Wien/jaz. „Wasserkraft ist unsere große Stärke. Und unsere Kernmärkte sind Österreich, Deutschland und Südosteuropa.“ Mit diesen zwei Sätzen fasste Verbund-Chef Wolfgang Anzengruber am Montag die Strategie des heimischen Stromkonzerns zusammen. Zuvor präsentierte er den am Montagabend fixierten Tausch des 50-Prozent-Anteils am türkischen Joint Venture Enerjisa gegen acht bayrische Kraftwerke der E.On, „Die Presse“ berichtete in einem Teil der Dienstagsausgabe.
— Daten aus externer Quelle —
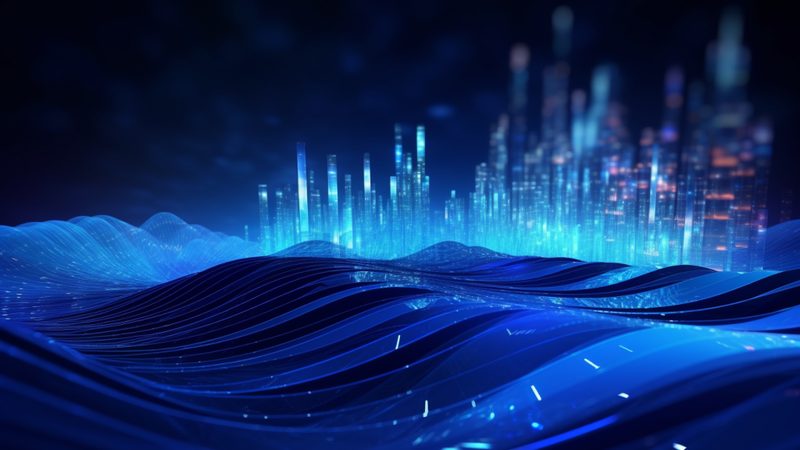 ISO27001：揭秘企业数据安全认证的基石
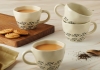Ceramic Tea Cups Safety Can Drinking Tea in Ceramic Cups Harm Your Health? Doctors Explain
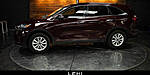 Used 2020 KIA SORENTO LX 4DR SUV in LEHI, UTAH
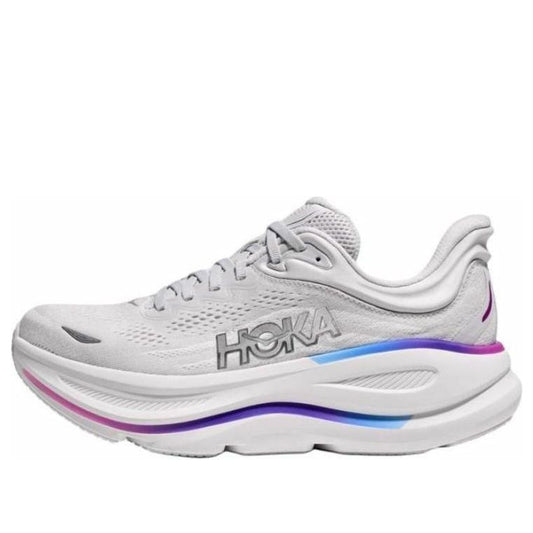 Hoka One One Bondi 9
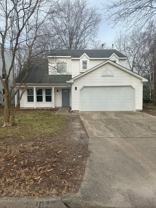 1073 Radisson Ct - Photo 1 of 1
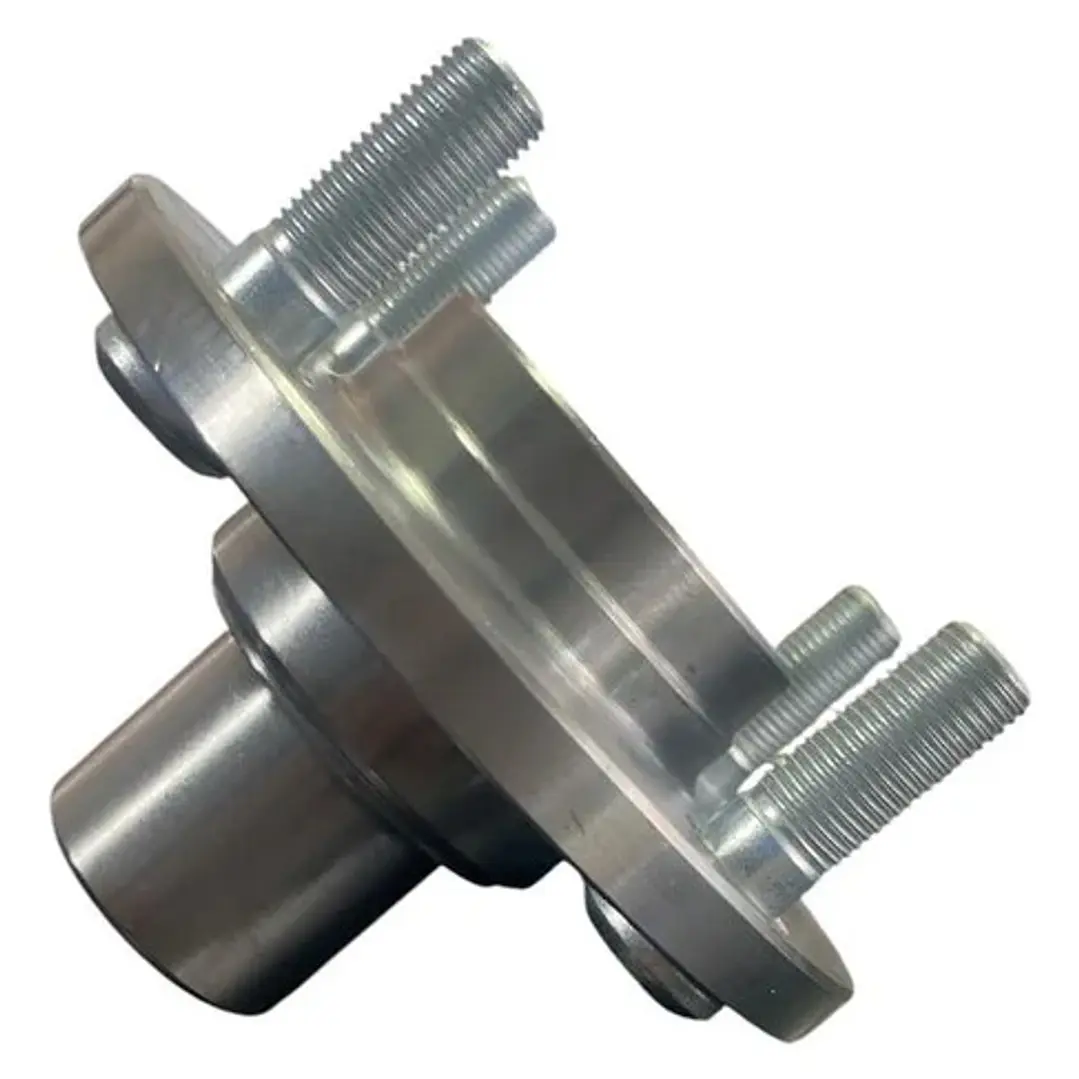Mazas Ruedas Delantera Para Nissan V16 1.6 1990-2011 3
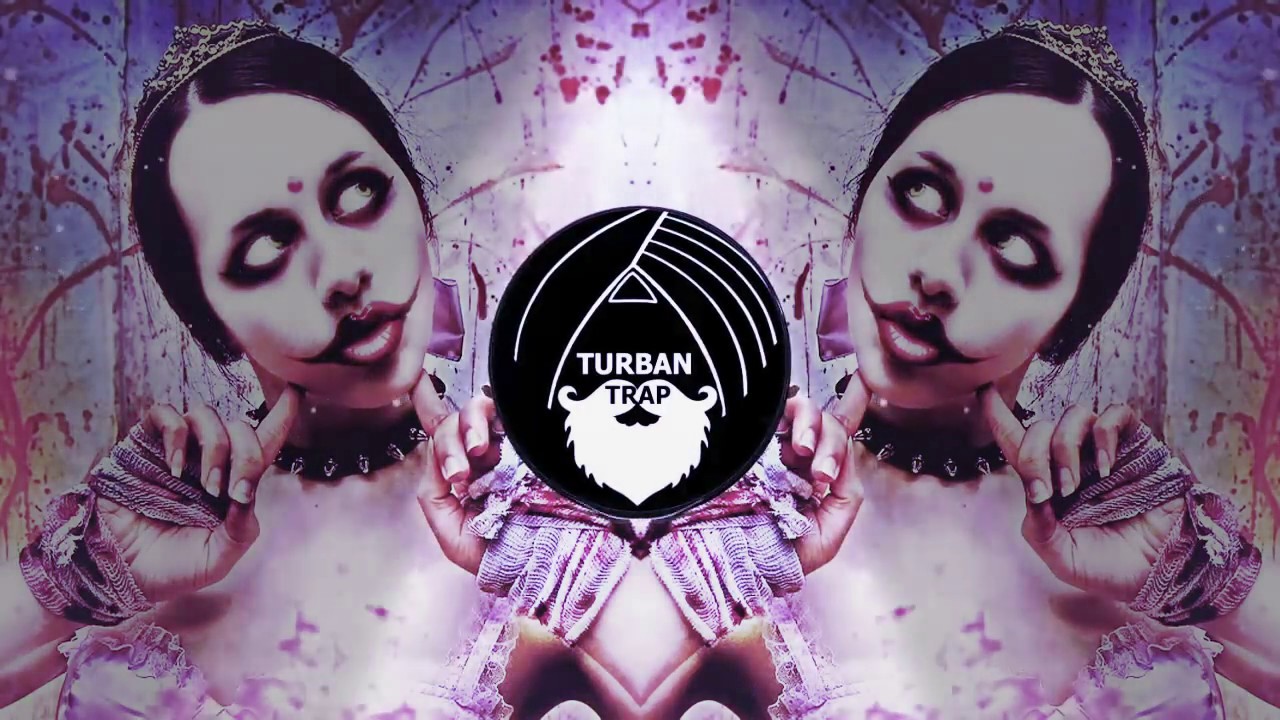 Must watch Trap music Kyunki Saas Bhi Kabhi Bahu Thi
Hohe Buchgewinne für Verbund

Da der Deal laut Anzengruber mit 1,5 Mrd. Euro bewertet wurde, wird sich für den Verbund in der kommenden Bilanz ein deutlicher Bewertungsgewinn ergeben – in den Büchern hat der Konzern den Enerjisa-Anteil nämlich nur mit knapp 750 Mio. Euro. Zudem erhält der Verbund auch sämtliche Investitionen in Enerjisa aus dem Jahr 2012 zurück. In Summe werde dies im kommenden Jahr einmalig einen positiven Cashflow von 300 Mio. Euro bringen.

Künftig sollen die neuen Kraftwerke laut Anzengruber einen jährlichen Cashflow von 80 Mio. Euro beitragen. Geld, das in neue Projekte oder eine erhöhte Dividende fließen könnte. Erste-Bank-Analyst Christoph Schultes erwartet, dass Letztere in Zukunft steigen dürfte. So ist nicht zuletzt bei Finanzministerin Maria Fekter die Begehrlichkeit nach mehr Dividende groß, nachdem die Telekom Austria ihre aufgrund der schlechten wirtschaftlichen Lage drastisch kürzen musste.

Aber auch abseits der Dividendenfrage bewertet der Analyst den Tausch als „das Beste seit Langem“, was vom Verbund zu hören war. So sei klar gewesen, dass die von Joint-Venture-Partner Sabanci gewünschte starke Expansion in den kommenden Jahren große Mittel vom Verbund gebunden hätte. Dies vor allem für fossile Kraftwerke, die nicht zum Wasserkraft-Image des Verbunds passen.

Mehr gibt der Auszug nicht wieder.